Activity » Transcribe the data exactly, omitting whatever pictures it holds.

Data entries
###
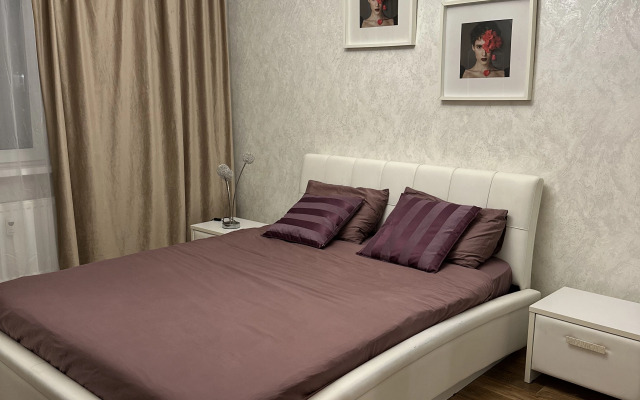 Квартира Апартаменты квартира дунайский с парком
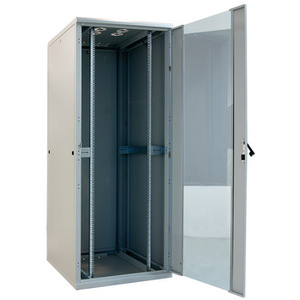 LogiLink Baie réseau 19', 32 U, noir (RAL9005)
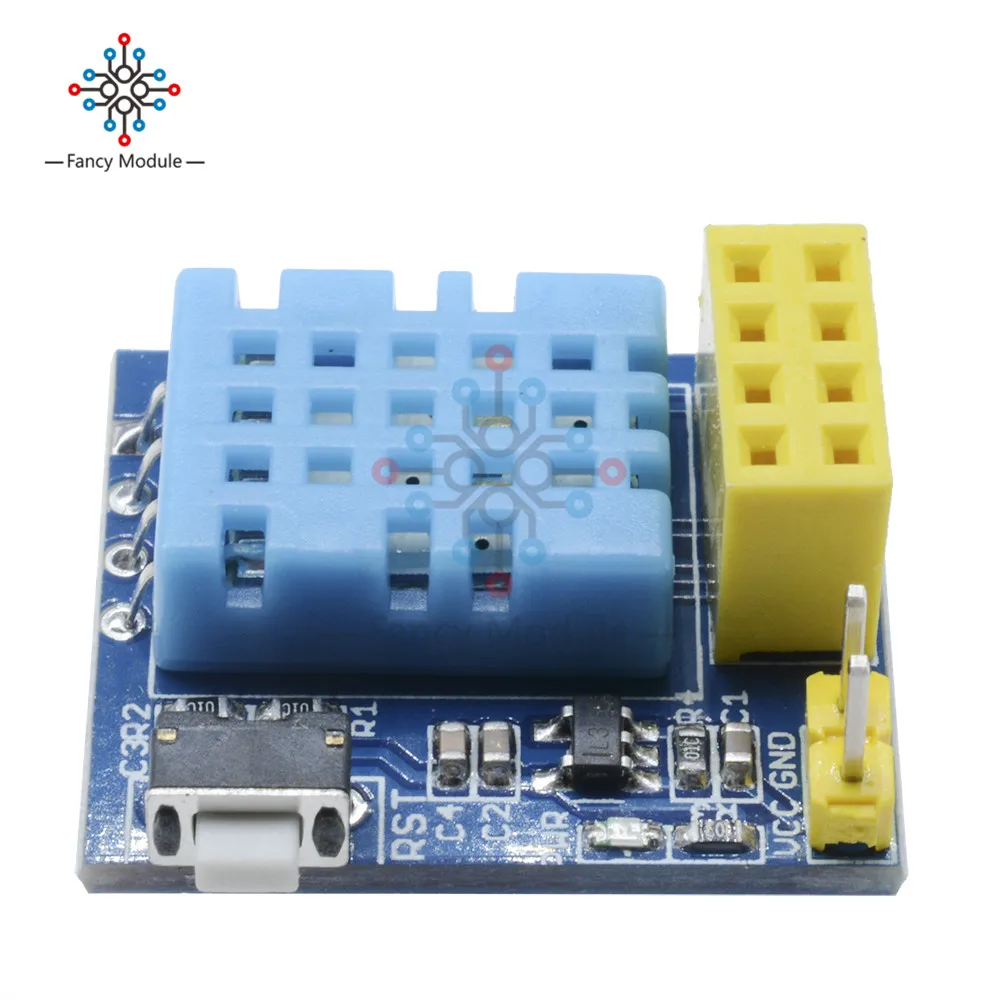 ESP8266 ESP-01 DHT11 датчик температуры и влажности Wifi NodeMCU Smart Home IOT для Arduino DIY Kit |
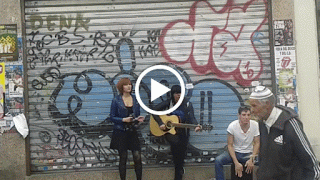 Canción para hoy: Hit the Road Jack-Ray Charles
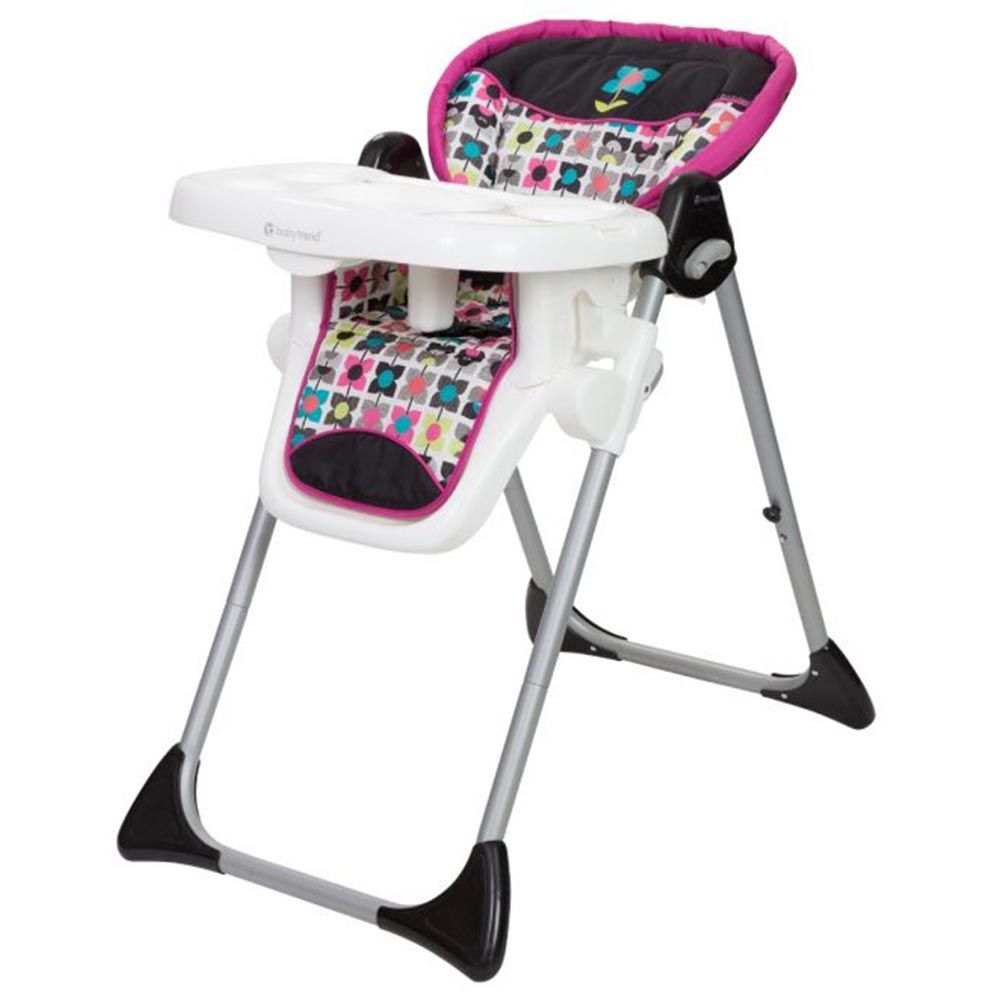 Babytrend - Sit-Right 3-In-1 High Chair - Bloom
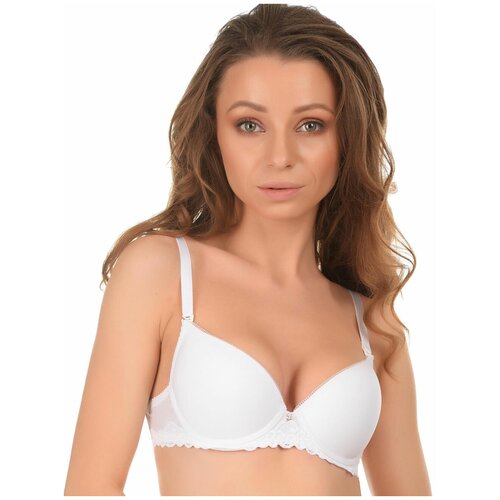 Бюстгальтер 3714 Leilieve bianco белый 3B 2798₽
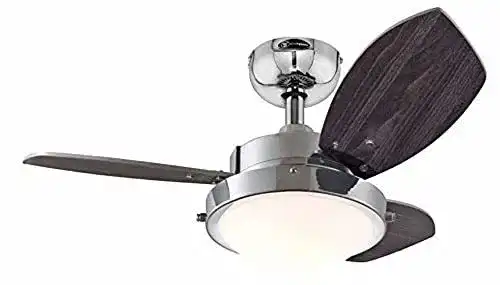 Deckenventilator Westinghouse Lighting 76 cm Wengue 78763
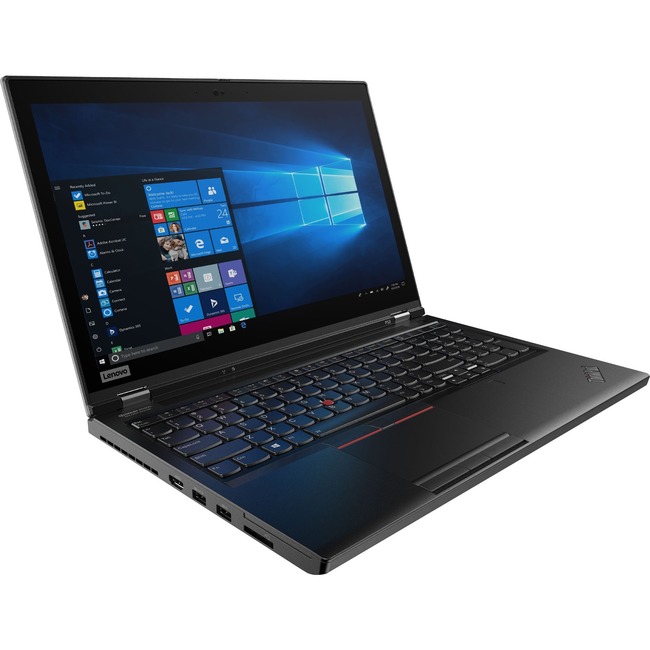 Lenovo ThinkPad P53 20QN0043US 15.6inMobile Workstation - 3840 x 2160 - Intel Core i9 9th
###
Solution below »
 Квартира Апартаменты квартира дунайский с парком
 LogiLink Baie réseau 19', 32 U, noir (RAL9005)
 ESP8266 ESP-01 DHT11 датчик температуры и влажности Wifi NodeMCU Smart Home IOT для Arduino DIY Kit |
 Canción para hoy: Hit the Road Jack-Ray Charles
 Babytrend - Sit-Right 3-In-1 High Chair - Bloom
 Бюстгальтер 3714 Leilieve bianco белый 3B 2798₽
 Deckenventilator Westinghouse Lighting 76 cm Wengue 78763
 Lenovo ThinkPad P53 20QN0043US 15.6inMobile Workstation - 3840 x 2160 - Intel Core i9 9th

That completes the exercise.